When Melissa suffered a series of losses, she became unable to manage the paper that flowed constantly into her life. Pictured above is her completely-covered dining room table; but the issue didn't stop at the edges of the table. The surrounding floor and her living room floor were eventually hidden by a sea of mail, flyers, and documents. She stopped having friends over, got rid of furniture, and lived in sadness and shame. With the passage of time and help from a good therapist, Melissa's cloud of depression began to lift and she was ready to live again. Enter the feeling of overwhelm and the question of "where do I start?"
If you can relate to Melissa's situation, our process might also help you:
Together we made a list of categories we'd find among the piles.
Melissa purchased plastic tubs and placed them around the perimeter of the living room; above every bin she taped a label for each of our categories (photos/ keepsakes, letter-writing supplies, important documents, shred, recycle, etc.)
We picked a starting spot and, one small pile at a time, moved methodically around the living room sorting the papers into their appropriate tub.
When the stacks on the living room floor were sorted, we moved next to the dining room floor and finally, the table.

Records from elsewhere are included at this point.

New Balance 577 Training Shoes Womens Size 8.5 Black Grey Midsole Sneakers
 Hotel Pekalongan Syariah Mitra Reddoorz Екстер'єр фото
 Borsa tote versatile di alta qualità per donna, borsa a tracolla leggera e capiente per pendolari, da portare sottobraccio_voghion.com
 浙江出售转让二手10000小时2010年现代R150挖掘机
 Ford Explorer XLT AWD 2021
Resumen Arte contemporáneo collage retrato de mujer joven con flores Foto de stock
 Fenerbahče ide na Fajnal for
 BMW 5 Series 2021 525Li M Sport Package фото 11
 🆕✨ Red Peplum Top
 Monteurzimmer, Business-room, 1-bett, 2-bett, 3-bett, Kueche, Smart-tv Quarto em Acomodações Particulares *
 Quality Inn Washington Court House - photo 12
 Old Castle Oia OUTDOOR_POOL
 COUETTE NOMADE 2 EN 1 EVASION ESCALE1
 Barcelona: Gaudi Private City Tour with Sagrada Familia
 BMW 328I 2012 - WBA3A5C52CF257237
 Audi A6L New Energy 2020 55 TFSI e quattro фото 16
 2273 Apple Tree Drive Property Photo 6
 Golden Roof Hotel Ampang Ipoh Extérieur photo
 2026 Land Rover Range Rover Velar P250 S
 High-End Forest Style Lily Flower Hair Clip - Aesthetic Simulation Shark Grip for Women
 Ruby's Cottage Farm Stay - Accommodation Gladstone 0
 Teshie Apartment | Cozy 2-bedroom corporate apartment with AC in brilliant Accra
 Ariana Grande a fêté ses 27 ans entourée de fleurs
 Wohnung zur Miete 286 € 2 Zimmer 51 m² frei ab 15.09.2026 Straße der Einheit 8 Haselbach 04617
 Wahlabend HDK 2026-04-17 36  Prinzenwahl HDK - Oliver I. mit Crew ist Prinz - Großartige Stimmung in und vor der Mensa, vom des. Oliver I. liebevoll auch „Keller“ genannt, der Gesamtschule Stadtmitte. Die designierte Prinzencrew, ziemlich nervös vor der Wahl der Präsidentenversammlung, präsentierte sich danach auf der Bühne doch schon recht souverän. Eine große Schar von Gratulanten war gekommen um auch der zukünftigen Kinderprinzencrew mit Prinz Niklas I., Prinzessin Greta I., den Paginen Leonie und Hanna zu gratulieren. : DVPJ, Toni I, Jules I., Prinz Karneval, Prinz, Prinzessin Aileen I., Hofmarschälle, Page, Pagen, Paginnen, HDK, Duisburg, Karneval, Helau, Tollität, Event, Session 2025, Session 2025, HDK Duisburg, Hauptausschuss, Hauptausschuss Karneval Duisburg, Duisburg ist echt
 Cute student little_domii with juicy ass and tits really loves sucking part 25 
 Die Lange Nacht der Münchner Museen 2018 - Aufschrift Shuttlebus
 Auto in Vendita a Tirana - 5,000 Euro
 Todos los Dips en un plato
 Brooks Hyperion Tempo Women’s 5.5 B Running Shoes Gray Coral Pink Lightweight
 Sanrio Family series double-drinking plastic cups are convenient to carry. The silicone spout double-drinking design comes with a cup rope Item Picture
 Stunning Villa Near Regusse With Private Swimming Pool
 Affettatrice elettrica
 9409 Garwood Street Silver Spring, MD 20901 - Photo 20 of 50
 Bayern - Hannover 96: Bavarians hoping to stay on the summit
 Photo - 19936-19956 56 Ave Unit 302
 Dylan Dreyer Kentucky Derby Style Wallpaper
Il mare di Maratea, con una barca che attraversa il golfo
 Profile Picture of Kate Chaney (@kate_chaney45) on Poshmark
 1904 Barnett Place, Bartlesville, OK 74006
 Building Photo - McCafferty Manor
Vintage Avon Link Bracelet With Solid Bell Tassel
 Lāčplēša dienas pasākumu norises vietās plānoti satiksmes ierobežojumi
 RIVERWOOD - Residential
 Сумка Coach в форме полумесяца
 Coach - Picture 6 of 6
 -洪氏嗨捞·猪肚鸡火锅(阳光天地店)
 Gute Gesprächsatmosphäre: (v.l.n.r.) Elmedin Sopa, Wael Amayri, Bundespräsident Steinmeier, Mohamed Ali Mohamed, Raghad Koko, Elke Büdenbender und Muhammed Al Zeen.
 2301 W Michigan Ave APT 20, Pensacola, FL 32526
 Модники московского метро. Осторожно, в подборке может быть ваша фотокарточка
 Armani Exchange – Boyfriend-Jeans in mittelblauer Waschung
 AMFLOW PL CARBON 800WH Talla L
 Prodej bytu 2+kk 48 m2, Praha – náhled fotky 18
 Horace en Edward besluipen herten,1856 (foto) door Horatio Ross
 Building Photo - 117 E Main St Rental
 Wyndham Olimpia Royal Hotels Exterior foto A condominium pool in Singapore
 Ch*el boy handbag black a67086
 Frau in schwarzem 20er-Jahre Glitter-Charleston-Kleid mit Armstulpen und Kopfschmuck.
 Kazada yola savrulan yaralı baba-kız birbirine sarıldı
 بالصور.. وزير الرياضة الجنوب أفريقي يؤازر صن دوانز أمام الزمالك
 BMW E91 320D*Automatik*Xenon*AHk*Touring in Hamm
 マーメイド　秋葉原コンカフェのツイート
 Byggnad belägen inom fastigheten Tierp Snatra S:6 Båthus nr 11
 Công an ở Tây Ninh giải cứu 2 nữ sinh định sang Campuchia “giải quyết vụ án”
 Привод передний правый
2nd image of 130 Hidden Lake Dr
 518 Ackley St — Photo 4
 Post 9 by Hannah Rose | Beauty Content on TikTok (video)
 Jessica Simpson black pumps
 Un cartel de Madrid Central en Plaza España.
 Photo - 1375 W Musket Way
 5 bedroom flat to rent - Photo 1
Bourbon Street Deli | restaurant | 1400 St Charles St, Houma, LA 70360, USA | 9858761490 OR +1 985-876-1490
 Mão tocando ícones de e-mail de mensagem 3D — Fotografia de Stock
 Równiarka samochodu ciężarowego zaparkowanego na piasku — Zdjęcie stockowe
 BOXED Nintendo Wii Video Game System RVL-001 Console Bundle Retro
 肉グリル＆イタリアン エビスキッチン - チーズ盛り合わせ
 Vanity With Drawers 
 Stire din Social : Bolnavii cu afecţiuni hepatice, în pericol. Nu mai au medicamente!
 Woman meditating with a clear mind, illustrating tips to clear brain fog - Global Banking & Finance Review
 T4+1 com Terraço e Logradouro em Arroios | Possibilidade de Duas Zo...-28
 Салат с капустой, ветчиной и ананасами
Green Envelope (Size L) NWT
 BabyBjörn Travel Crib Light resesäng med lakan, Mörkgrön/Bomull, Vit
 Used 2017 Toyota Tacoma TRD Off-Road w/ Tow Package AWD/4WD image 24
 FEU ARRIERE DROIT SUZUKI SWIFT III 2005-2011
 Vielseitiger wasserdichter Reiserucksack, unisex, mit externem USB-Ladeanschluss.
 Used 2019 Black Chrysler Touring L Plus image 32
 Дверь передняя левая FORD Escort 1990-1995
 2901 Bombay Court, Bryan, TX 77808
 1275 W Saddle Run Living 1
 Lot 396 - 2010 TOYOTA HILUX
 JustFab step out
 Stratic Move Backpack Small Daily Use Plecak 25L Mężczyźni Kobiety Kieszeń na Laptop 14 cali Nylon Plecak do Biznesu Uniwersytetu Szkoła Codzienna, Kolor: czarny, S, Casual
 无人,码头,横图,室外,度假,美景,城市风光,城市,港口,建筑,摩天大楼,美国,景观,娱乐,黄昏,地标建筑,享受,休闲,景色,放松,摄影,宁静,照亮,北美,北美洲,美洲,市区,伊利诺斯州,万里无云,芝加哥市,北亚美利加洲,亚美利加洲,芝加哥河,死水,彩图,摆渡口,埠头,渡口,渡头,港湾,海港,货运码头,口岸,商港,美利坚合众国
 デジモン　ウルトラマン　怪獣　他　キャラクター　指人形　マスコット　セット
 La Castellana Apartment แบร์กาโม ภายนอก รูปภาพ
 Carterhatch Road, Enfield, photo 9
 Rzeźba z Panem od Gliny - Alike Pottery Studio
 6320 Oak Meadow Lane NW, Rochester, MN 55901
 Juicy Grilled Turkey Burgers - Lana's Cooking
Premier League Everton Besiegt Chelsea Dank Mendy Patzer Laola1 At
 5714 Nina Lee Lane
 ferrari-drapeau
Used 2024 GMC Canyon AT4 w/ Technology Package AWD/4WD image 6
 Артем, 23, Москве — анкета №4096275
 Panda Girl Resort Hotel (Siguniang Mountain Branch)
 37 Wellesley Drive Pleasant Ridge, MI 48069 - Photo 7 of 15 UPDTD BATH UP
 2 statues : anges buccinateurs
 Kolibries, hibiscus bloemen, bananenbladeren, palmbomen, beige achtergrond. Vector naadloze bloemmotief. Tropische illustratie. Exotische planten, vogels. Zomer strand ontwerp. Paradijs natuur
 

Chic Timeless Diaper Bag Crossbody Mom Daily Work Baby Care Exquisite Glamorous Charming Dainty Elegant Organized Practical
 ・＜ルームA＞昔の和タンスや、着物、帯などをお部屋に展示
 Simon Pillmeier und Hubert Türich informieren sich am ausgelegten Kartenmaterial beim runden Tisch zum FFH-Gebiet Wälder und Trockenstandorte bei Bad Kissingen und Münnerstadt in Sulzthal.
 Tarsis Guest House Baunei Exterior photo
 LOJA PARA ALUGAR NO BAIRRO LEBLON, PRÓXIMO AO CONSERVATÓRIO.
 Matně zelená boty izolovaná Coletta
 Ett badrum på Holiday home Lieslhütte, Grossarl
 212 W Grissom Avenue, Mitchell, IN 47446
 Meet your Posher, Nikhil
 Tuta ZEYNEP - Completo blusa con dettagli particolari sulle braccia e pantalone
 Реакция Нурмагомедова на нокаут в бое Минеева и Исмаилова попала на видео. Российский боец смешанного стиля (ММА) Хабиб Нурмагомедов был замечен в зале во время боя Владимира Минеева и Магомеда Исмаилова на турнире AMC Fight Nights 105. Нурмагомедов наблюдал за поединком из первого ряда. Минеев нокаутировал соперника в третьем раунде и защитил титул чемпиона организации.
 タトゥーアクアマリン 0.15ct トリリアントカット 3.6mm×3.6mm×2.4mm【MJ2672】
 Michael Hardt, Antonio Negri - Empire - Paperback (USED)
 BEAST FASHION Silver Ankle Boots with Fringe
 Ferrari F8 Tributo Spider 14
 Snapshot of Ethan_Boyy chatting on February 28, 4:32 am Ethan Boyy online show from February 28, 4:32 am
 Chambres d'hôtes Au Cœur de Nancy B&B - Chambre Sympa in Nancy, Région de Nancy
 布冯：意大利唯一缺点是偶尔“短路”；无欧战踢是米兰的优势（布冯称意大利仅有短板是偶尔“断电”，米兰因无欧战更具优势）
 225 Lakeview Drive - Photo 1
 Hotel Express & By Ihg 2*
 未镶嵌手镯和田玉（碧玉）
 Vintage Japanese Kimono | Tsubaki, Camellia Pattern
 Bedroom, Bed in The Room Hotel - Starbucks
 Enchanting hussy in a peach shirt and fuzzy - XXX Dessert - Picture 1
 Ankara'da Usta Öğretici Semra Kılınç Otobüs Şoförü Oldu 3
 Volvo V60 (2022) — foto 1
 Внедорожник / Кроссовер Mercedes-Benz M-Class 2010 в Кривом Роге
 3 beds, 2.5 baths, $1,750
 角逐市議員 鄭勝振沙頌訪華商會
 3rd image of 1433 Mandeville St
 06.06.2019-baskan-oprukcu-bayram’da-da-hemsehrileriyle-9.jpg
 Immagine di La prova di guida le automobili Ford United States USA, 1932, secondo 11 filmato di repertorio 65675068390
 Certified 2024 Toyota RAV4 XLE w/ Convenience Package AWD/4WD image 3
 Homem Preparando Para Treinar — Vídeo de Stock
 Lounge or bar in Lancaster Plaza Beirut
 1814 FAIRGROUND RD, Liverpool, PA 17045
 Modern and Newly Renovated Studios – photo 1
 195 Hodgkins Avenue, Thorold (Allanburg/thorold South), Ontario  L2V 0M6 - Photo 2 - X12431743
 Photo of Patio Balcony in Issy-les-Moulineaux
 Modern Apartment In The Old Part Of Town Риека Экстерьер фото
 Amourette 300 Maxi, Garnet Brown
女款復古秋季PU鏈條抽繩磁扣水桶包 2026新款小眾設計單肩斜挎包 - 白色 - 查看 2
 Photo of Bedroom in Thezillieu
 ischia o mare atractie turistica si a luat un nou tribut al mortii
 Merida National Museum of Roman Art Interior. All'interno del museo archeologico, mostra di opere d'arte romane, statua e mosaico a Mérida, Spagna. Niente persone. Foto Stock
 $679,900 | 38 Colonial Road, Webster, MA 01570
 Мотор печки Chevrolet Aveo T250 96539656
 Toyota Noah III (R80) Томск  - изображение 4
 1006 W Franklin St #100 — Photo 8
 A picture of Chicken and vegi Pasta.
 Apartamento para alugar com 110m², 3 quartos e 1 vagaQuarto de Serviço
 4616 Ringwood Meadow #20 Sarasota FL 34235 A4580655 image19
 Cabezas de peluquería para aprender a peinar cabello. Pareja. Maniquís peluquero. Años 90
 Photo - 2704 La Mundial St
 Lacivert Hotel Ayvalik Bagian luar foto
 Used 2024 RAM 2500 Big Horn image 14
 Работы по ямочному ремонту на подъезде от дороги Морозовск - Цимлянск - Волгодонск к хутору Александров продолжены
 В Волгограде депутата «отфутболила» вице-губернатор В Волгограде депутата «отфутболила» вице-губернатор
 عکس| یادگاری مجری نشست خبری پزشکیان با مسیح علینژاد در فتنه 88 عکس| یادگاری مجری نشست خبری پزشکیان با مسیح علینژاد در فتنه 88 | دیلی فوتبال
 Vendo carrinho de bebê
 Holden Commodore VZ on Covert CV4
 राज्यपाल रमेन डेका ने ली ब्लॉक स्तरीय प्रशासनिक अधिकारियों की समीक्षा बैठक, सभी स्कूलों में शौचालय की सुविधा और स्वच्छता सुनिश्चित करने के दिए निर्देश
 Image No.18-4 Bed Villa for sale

With 95% of the paper sent to shredding/recycling, and the remaining sorted into categories, it was time to put systems in place to prevent future paper overload.
It's important to begin with a design to manage the daily inflow of mail and other paper. Melissa liked the desktop organizer below to corral office supplies, as well as incoming mail, bills to be paid, and other documents she'll reference on a very regular basis.
The final step in the process is sorting all the papers collected in each tub into appropriate sub-categories. Are you an "out of sight, out of mind" person? So is Melissa! The above filing cart allowed us to create an easy to maintain and visual system so she won't worry that important items will be "lost" in a traditional filing cabinet. The drawers provide a space for Melissa's stationary and other correspondence supplies.
The dining room table will remain Melissa's main "home office" location. The desktop and wheeled file cart ensure portability, allowing everything to be handy on a daily basis, yet easy to move when guests are coming (without disturbing the system and creating a new mess!) daily basis, but easy to hide away when company is coming over.
The idea of crawling out from an avalanche of paper can feel paralyzing. It may take a long time, but slow forward progress is better than no forward progress. Follow these steps and reward yourself along the way. You CAN do it!
*Name changed to protect my client's privacy.